Opinion
No. 20326.
October 26, 1993. Petition for Review Denied December 14, 1993.
APPEAL FROM THIRD JUDICIAL DISTRICT COURT, CANYON COUNTY, GERALD L. WESTON, J.
Timothy Lee Warnell, pro se.
Larry EchoHawk, Atty. Gen., Myrna A.I. Stahman, Deputy Atty. Gen., Boise, for plaintiff-respondent.
This is a sentence review. Pursuant to a plea bargain, Timothy Lee Warnell pled guilty to one count of rape, first degree burglary, and use of a deadly weapon during the commission of a crime. See I.C. §§ 18-6101 (rape), 18-1401, -1402 (burglary), 19-2520 (use of a deadly weapon). For the rape charge, the district court imposed a determinate term of confinement of seventeen years to be followed by an indeterminate life term. For the burglary, Warnell received a concurrent unified ten-year sentence with a determinate term of four years. No sentence enhancement was imposed for the use of a deadly weapon. Warnell appeals the rape sentence, asserting that it is excessive and an abuse of discretion. We affirm.

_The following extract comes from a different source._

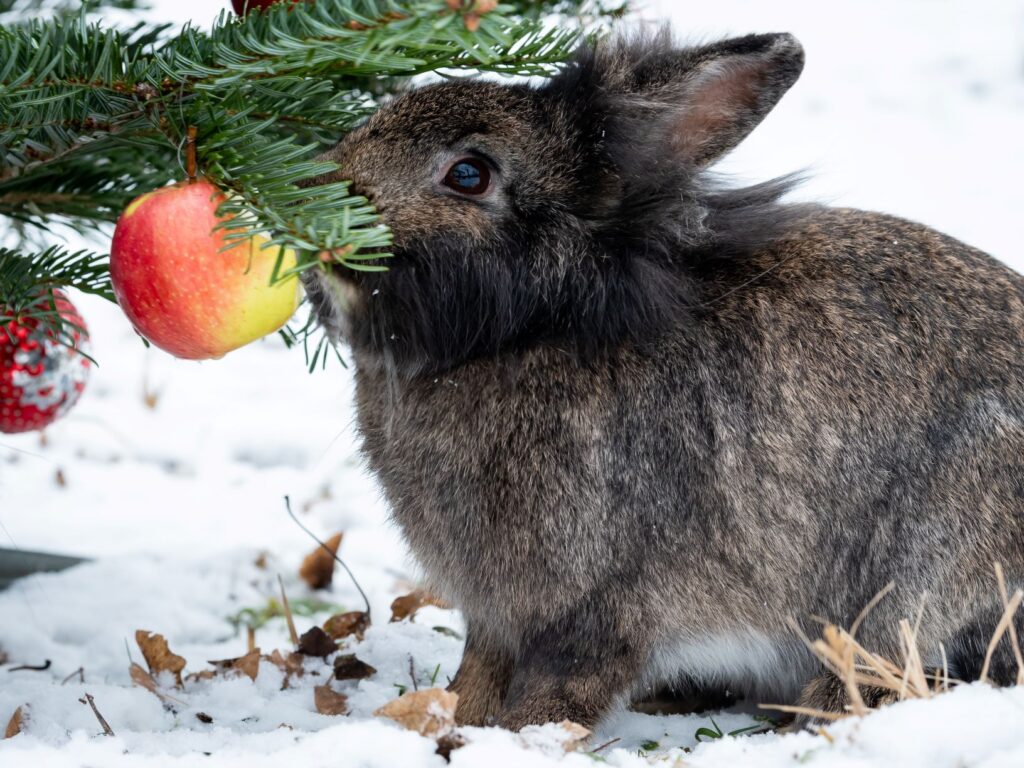 lapin devant sapin de noël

During the pendency of this appeal, Warnell moved for reduction of his sentence under I.C.R. 35. The motion was denied by the district court on January 29, 1993. Warnell has not appealed that decision. He has, however, submitted his motion, its supporting documentation, and the court's decision as part of the record on this appeal. That documentation includes Warnell's psychological evaluation performed by Clay H. Ward, a private psychologist. We refer to that evaluation later in this decision.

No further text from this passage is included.